This article is more than 9 years old.

Entrepreneurs and executives use many tools and rituals to stay focused and get ahead. Jack Dorsey assigns business themes to each day of his workweek, Winston Churchill worked from his bed each morning, and President Harry Truman would down a shot of bourbon after a brisk walk each morning before his days toiling in the oval office. But some leaders follow slightly more mysterious regimens to hone their psychological prowess.

“It’s remarkable just how many celebrities use hypnosis—how many CEOs and heads of production companies,” says Dr.

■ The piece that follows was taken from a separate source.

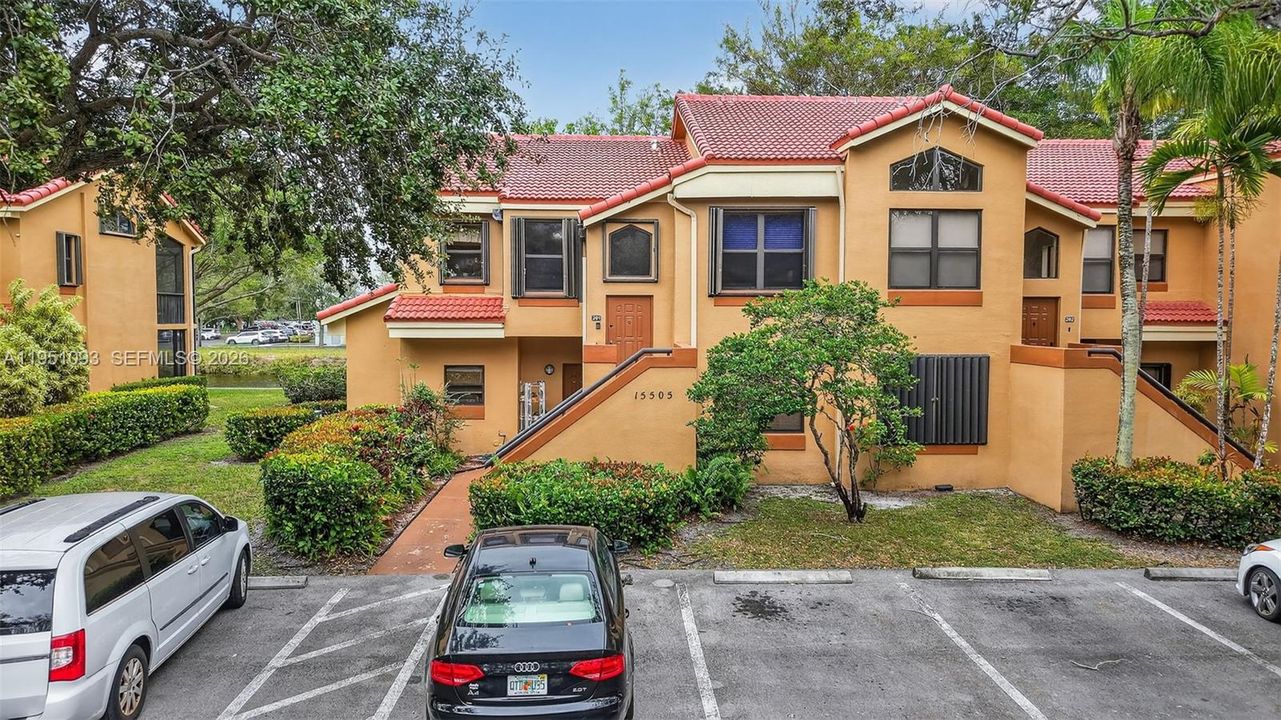 For Sale: $345,000 (2 beds, 2 baths, 1130 Square Feet)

Steve G. Jones, a hypnotherapist based in Savannah, Georgia, who charges $25,000 for two hour sessions with top executives, actors, directors and producers. “…It’s sort of a secret weapon for a lot of very successful, very wealthy people.”

Jones spends the first hour of his sessions simply speaking with his clients to get to know them and understand the goals they wish to achieve through hypnotherapy. “I’m looking for what it is that’s getting in their way,” he says. “Sometimes it’s just a life event—divorce, someone died, some sort of illness, they got fired.” Jones also searches for his clients’ strengths, or a hero they have that’s real or imagined that he can use to inspire their subconscious selves.

As far as goals are concerned, mostly it comes down to money. “Usually they say, ‘I want to make X amount of money per year,” says Jones. “That’s not really a juicy enough goal. It’s got to be something that there’s passion about.” Instead, he zeros in on what his client could create that’s positive that might result in a large payday.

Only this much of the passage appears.